Furosemide is the most common loop diuretic used worldwide. The off-label administration of furosemide bolus(es) for the prevention or to reverse acute kidney injury (AKI) is widespread but not supported by available evidence. We conducted a meta-analysis of randomized trials (RCTs) to investigate whether bolus furosemide to prevent or treat AKI is detrimental on patients' survival.
Electronic databases were searched through October 2017 for RCTs comparing bolus furosemide administration versus any comparator in patients with or at risk for AKI. The primary endpoint was all-cause longest follow-up mortality. Secondary endpoints included new or worsening AKI, receipt of renal replacement therapy, length of hospital stay, and peak serum creatinine after randomization.
A total of 28 studies randomizing 3,228 patients were included in the analysis. We found no difference in mortality between the two groups (143/892 [16%] in the furosemide group versus 141/881 [16%] in the control group; odds ratio [OR], 0.84; 95% confidence interval [CI], 0.63 to 1.13; p = 0.25).
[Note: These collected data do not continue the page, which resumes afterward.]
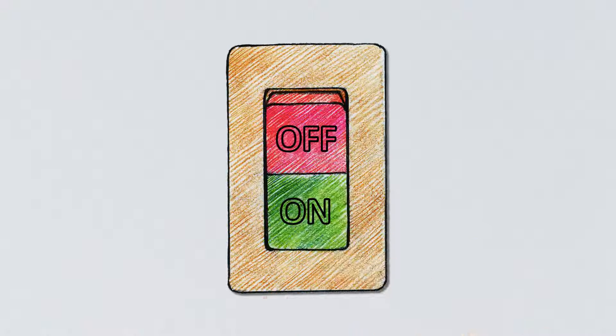Now getting a new connection is easier, simple and simply better.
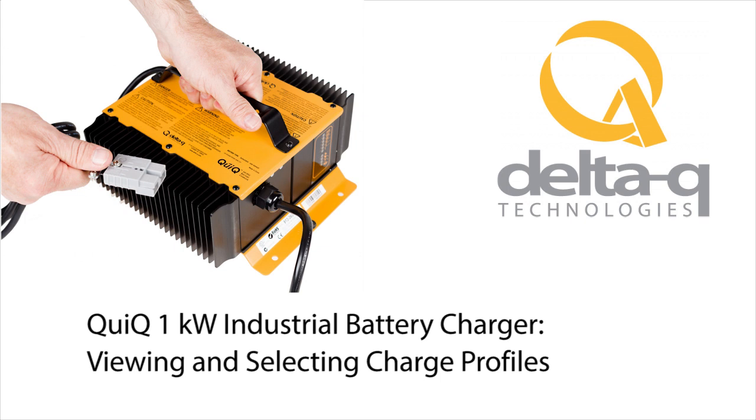This video from Delta Q Technologies will show you how to check the default charge profile on your quick battery charger, as well as change the default charge profile. If you need assistance with identifying which profiles are loaded on your quick charger, please contact the manufacturer of your vehicle or machine, as each manufacturer will have specified the battery types and charge profiles to be used with their equipment.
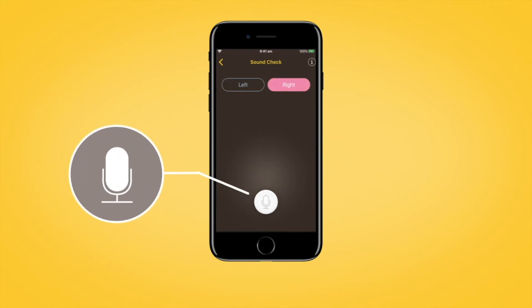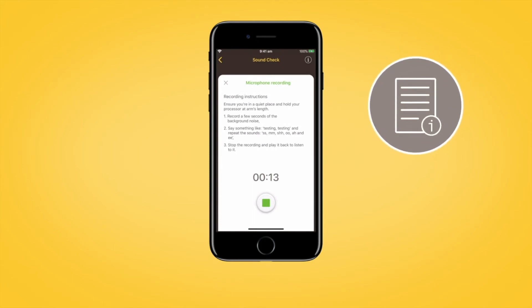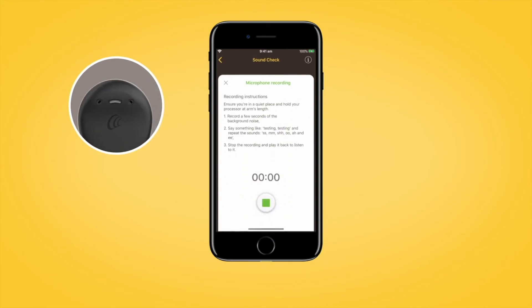Then, when you have selected the sound processor you want to test, tap the Start Recording button to begin recording sound from your sound processor microphones. There are in-app recording instructions and sound assessment tips to help you obtain a good quality recording. The recipient will hear an ascending tone sequence at the start of recording, and while recording, the sound processor light will display steady blue.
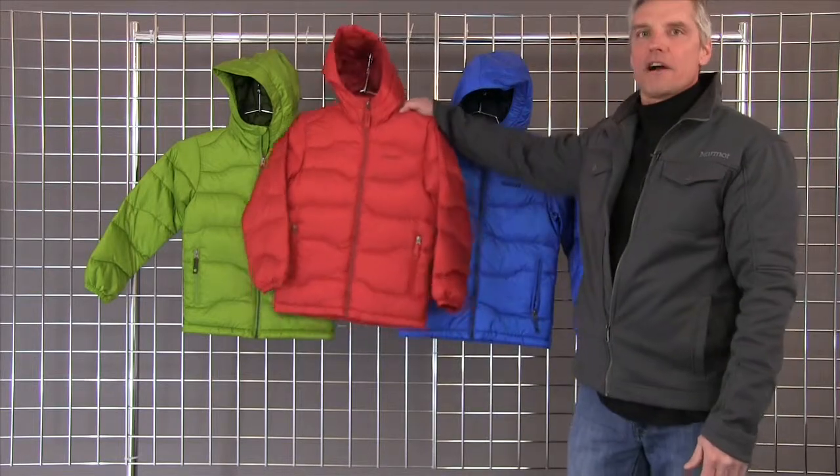Hi, welcome to winterkids.com. I'm Mark with Marmot. We're here to talk about the Amidablam for boys.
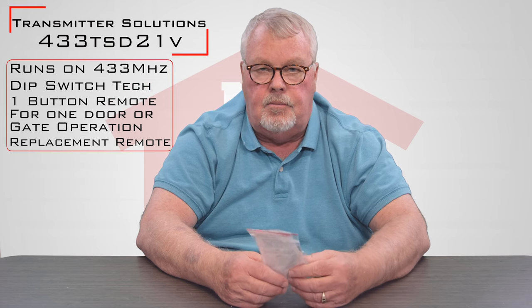Hi, I'm Mark from the North Shore Commercial Door.com. Today we're going to do a product introduction — it's a transmitter made by Transmitter Solutions out in Salt Lake City, Utah. This is going to be a 433 TSD21V. 433 stands for the fact that it operates on a 433 MHz frequency.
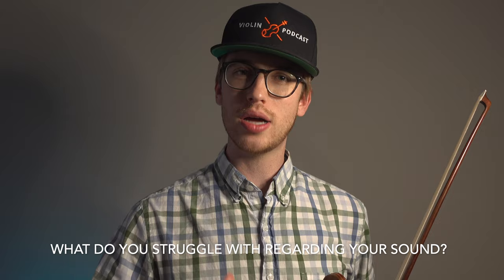I hope this video helped you. Thank you so much for watching. Leave a comment below — what are some of your struggles in creating a good, beautiful violin sound? I want to get a conversation going and I respond to every single comment. Please hit the like button because that helps other people find this video, and subscribe and hit the bell notification so you get more videos like this.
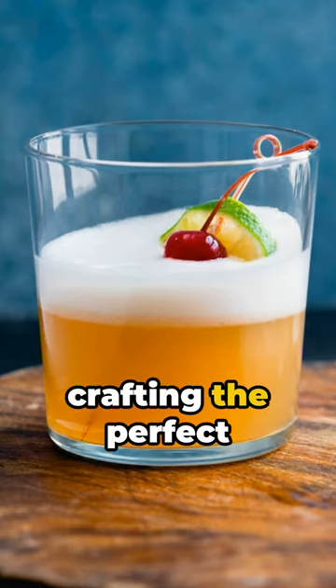Welcome, friends, to a minute of Mixology Magic. Today, we're crafting the perfect tequila sour.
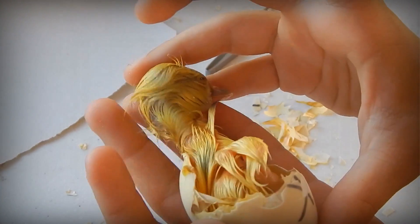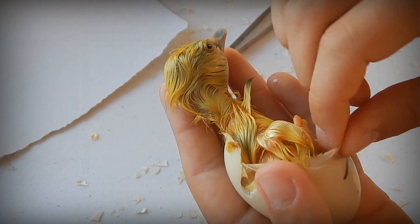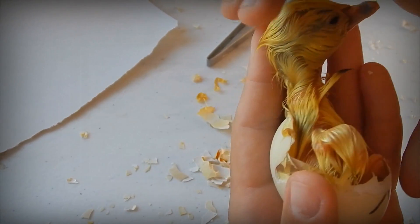You must be very gentle when assisting a duckling's hatch so you do not hurt it. Most of the shell is off now and the duckling can complete the hatch by itself.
No significant differences in secondary outcomes were found. A significant improvement in survival was found in the subgroup of patients receiving furosemide bolus(es) as a preventive measure (43/613 [7.0%] versus 67/619 [10.8%], OR 0.62; 95% CI, 0.41 to 0.94; p = 0.03).
Intermittent furosemide administration is not associated with an increased mortality in patients with or at risk for AKI, although it may reduce mortality when used as a preventive measure. Future high-quality RCTs are needed to define the role of loop diuretics in AKI prevention and management.